● **WORK TO COMPLETE**: Read the material below and tally how many lines hold the word "Apartamento", giving the number and nothing else.

*** Opening DATA RECORDS ***

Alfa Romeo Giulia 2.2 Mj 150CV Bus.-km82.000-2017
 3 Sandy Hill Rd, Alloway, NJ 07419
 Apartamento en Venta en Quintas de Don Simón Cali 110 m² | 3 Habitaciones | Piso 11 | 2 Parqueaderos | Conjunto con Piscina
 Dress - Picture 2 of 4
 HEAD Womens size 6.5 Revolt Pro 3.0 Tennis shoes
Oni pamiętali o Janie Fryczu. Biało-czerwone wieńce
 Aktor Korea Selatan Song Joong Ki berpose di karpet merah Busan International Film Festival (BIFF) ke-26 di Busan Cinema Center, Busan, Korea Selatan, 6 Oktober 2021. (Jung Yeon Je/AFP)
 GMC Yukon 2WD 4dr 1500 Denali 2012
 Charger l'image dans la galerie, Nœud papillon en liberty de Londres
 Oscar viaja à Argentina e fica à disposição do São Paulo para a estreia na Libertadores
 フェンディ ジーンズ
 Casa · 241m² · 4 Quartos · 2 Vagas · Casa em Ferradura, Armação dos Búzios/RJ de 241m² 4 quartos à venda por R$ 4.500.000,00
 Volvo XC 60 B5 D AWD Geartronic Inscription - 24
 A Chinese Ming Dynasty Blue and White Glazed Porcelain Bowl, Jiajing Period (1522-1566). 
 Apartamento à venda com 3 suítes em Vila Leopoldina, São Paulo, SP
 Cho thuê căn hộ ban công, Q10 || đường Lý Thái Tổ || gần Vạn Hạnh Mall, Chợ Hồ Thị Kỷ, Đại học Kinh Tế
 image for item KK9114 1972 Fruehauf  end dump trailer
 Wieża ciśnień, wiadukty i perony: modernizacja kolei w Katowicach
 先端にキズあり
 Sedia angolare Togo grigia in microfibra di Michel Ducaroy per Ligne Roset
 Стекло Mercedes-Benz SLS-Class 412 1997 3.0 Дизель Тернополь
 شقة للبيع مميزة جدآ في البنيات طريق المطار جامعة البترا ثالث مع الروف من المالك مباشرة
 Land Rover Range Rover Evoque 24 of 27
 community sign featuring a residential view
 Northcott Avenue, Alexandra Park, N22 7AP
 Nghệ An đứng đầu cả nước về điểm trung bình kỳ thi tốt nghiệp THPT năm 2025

*** Closing DATA RECORDS ***

● **EXPECTED OUTPUT**: 2